Since transitioning from the Grameen Foundation as an independent non-profit, we’ve received our 501(c)3 designation and assembled a committed Board of Directors chaired by Paul Maritz. We’ve launched the platform and new Community App which already surpass our legacy Mifos 2 software. We’ve established our formal Mifos Partner program with more than twenty active partners implementing Mifos X as well as partners building their own solutions and contributing back. Our community continues to grow with increased volunteer participation and partnerships with strategic technology partners from the open source community. We are now poised for wide-scale adoption of Mifos X – nearly two dozen financial institutions are actively using or implementing the new software as our current userbase of 50+ MFIs serving 1.3 million clients readies to transition from Mifos 2 to Mifos X.
Project Origins
The Mifos project was formally launched by Grameen Foundation in 2006 to provide a cost-effective software system to operate microfinance institutions and help them more efficiently and effectively deliver financial services to the poor. As one of the initial projects of the Seattle-based Grameen Technology Center, Mifos was a crucial part of Grameen Foundation’s dual vision of combating poverty through technology and microfinance. For five years, Mifos was at the intersection of these two programs, developing into an award-winning, industry-renowned software system for microfinance.
As the first open source project for microfinance, Grameen Foundation pioneered a new model for the development, delivery, and support of technology in this industry. They incubated a global community of users, specialists, and volunteers that collaborate online and in-person across multiple time zones to achieve our vision. This user base, contributor community, and support ecosystem lie at the heart of the community-driven movement that the Mifos Initiative took forward.
Transition
In 2011, the Grameen Foundation decided to return Mifos back to the community, transitioning it as an independent community-driven effort, fulfilling its original vision of creating a catalytic industry-owned solution. Ed Cable, after supporting the community for several years as community manager, was ready to help the community stand united in guiding Mifos in its next phase. Along with Craig Chelius and Keith Woodlock and active community members like SolDevelo, they formed the Community for Open Source Microfinance (COSM). In July 2013, after receiving our 501(c)3 designation, we assumed control over the Mifos trademarks and intellectual property from the Software Freedom Conservancy who had served as the projects fiscal sponsor during it’s transition. We then united the Mifos and COSM brands formally as the Mifos Initiative.
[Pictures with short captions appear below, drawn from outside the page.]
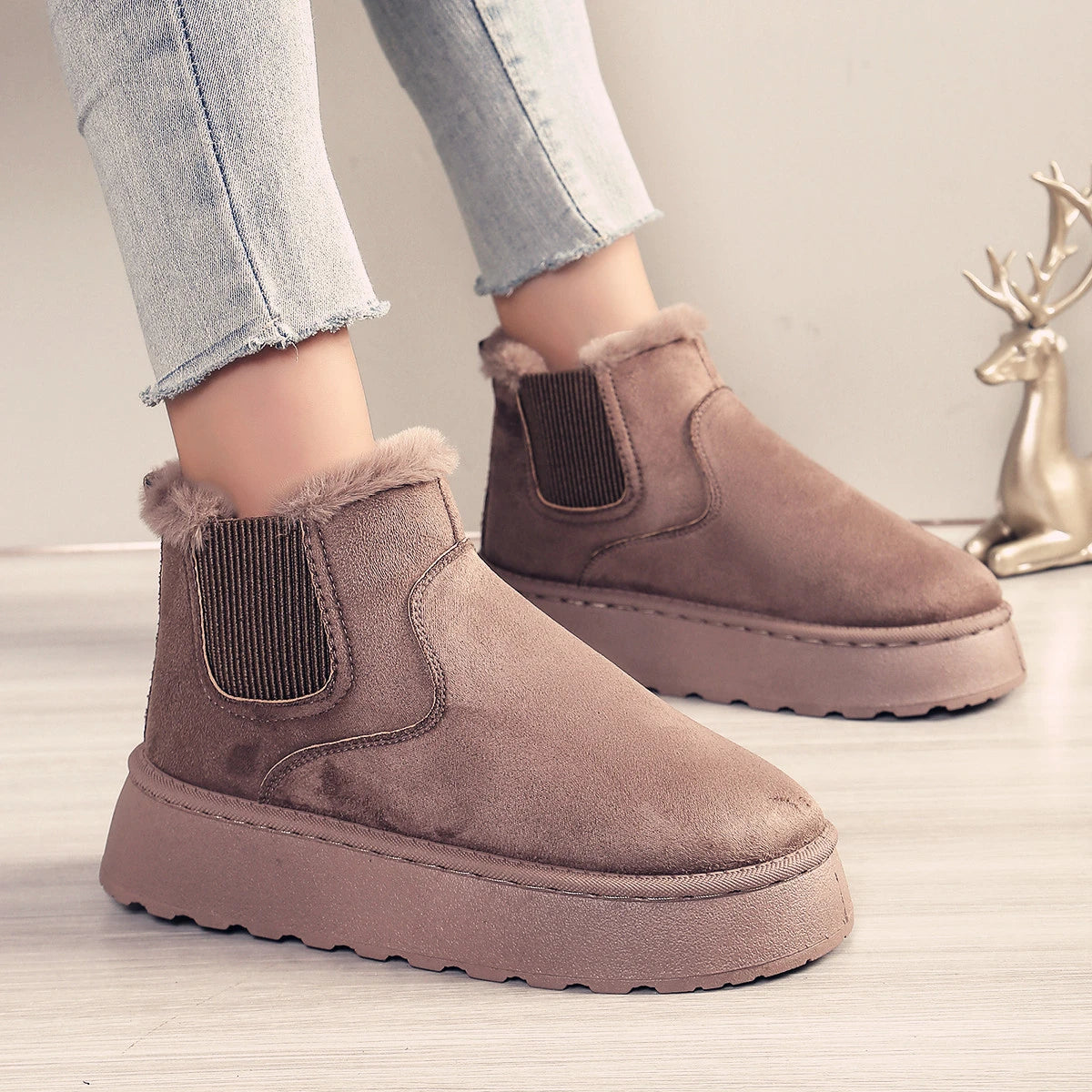 2025 Bottes de neige à enfiler à bout rond pour femmes pour un usage quotidien au bureau Bottes de neige décontractées antidérapantes à semelles épaisses Nouvelles bottines chaudes en daim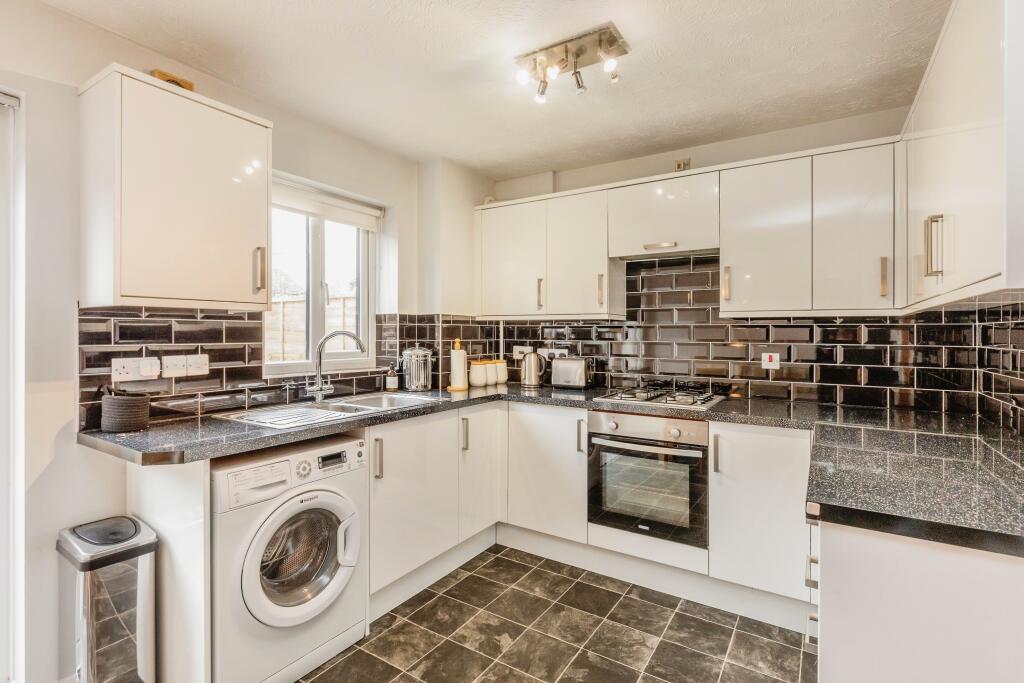 Additional image 4 of Pennycress, Weston-super-Mare, Somerset, BS22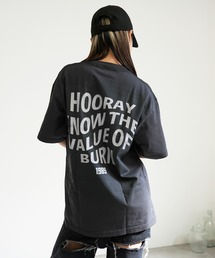 BASIS（ベイシス）の「1989バックプリント ユニセックス ピグメント 半袖 Tシャツ（Tシャツ/カットソー）」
As the past and current leader of the community, our mission is to lead the community and coordinate individuals worldwide to collectively achieve our vision of 3 Billion Maries. We will provide the leadership and resources to continue educating MFIs to effectively adopt technology, train local technology providers to support this technology adoption, and provide the infrastructure and mentorship for volunteers to contribute to extending this technology.